## PROBLEM TO WORK ON
What you return should be only the lines in the entries below between the one holding "nieuw, Overige merken" and the one holding "Casa en venta", ends included, with every picture left out.

## DATA FOR PROCESSING
++++++++

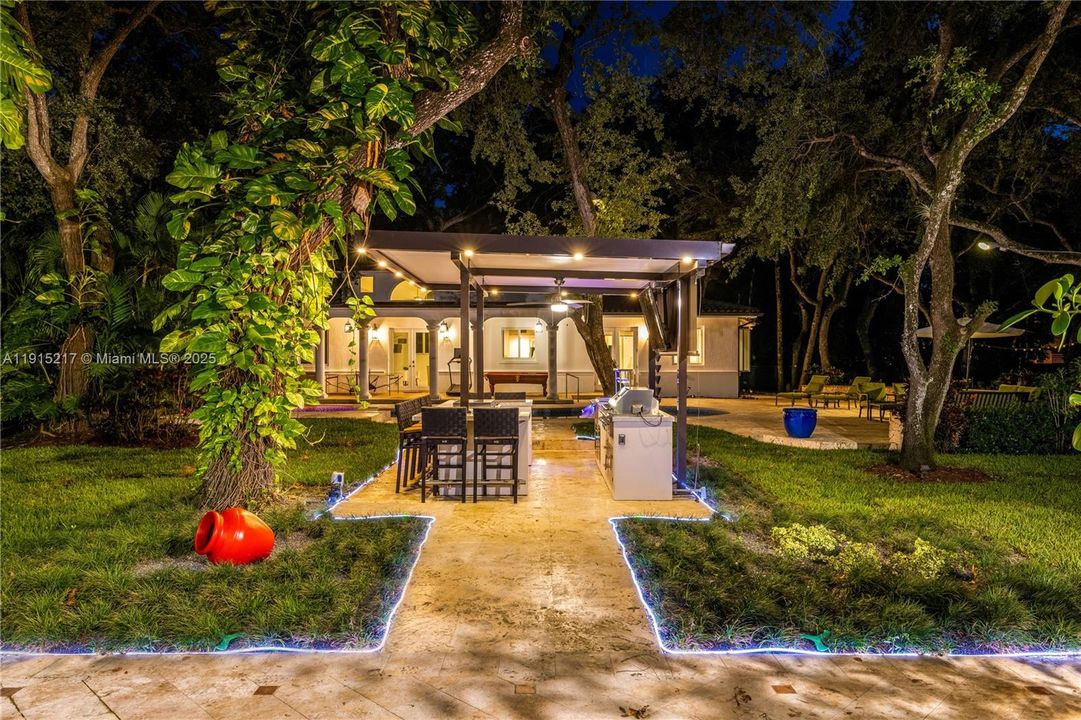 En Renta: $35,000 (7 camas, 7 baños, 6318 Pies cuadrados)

++++++++

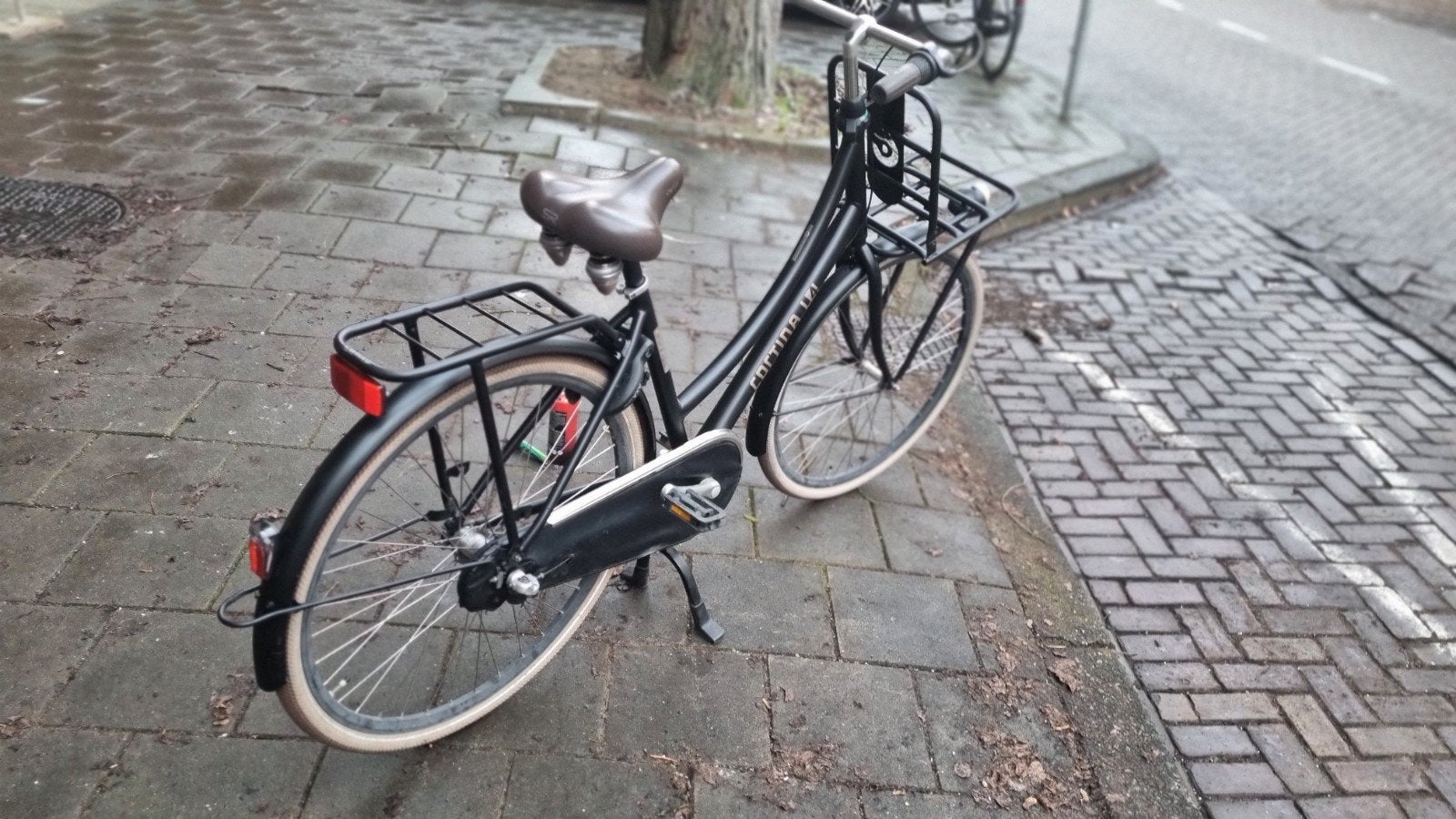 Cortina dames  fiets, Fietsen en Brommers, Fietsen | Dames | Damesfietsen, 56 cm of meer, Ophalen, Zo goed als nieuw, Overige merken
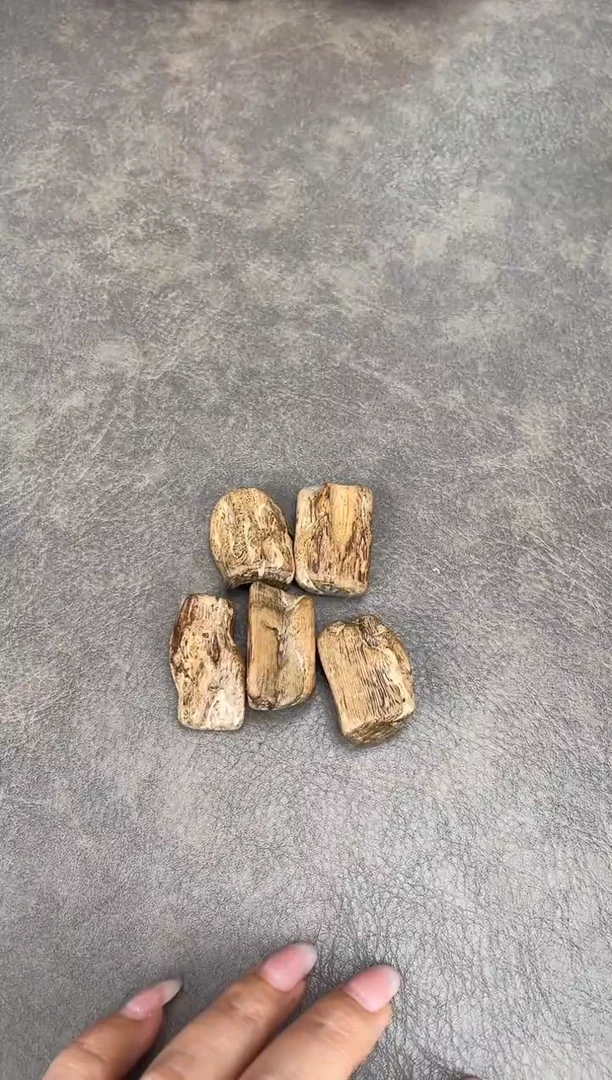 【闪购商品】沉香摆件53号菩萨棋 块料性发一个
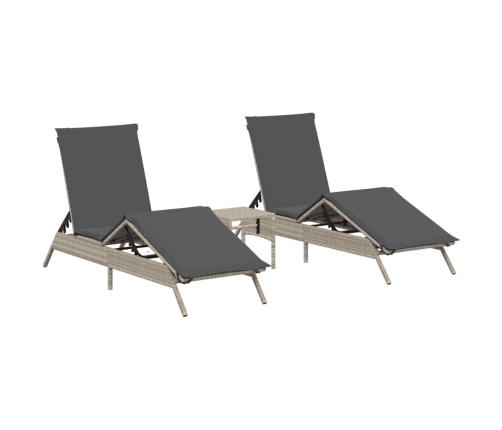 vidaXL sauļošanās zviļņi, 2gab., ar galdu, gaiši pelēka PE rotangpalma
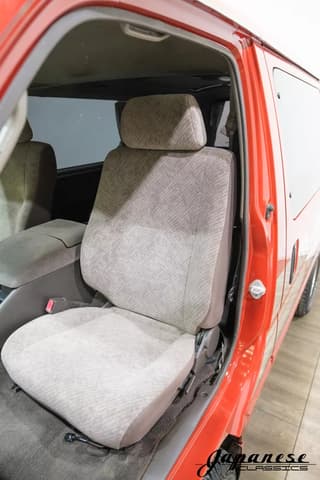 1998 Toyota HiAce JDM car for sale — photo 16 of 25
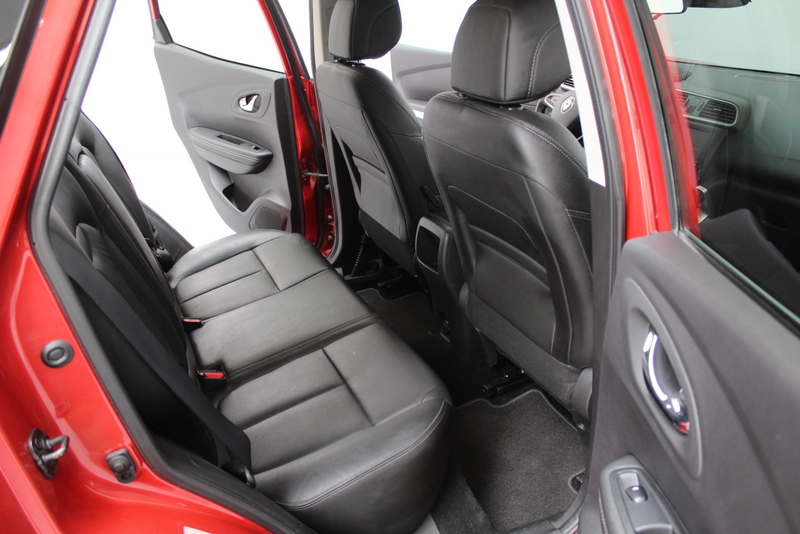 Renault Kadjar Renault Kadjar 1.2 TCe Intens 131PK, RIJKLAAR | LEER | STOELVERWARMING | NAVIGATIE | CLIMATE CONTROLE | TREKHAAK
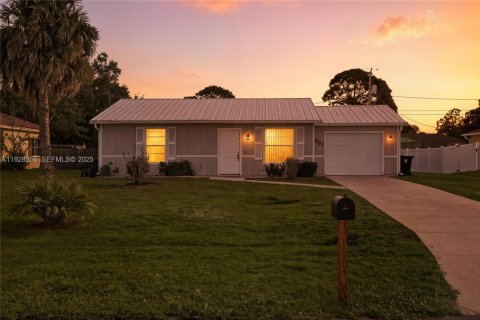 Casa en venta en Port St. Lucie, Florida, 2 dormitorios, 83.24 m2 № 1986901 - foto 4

++++++++

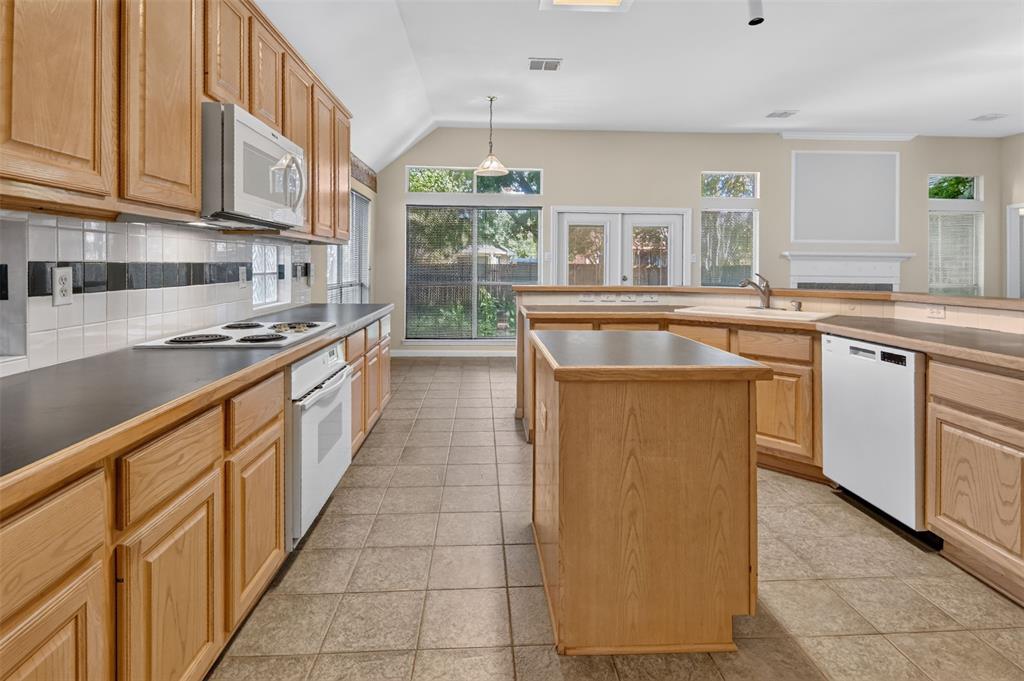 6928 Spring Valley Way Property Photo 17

++++++++

## FINISHED TASK
 Cortina dames  fiets, Fietsen en Brommers, Fietsen | Dames | Damesfietsen, 56 cm of meer, Ophalen, Zo goed als nieuw, Overige merken
 【闪购商品】沉香摆件53号菩萨棋 块料性发一个
 vidaXL sauļošanās zviļņi, 2gab., ar galdu, gaiši pelēka PE rotangpalma
 1998 Toyota HiAce JDM car for sale — photo 16 of 25
 Renault Kadjar Renault Kadjar 1.2 TCe Intens 131PK, RIJKLAAR | LEER | STOELVERWARMING | NAVIGATIE | CLIMATE CONTROLE | TREKHAAK
 Casa en venta en Port St. Lucie, Florida, 2 dormitorios, 83.24 m2 № 1986901 - foto 4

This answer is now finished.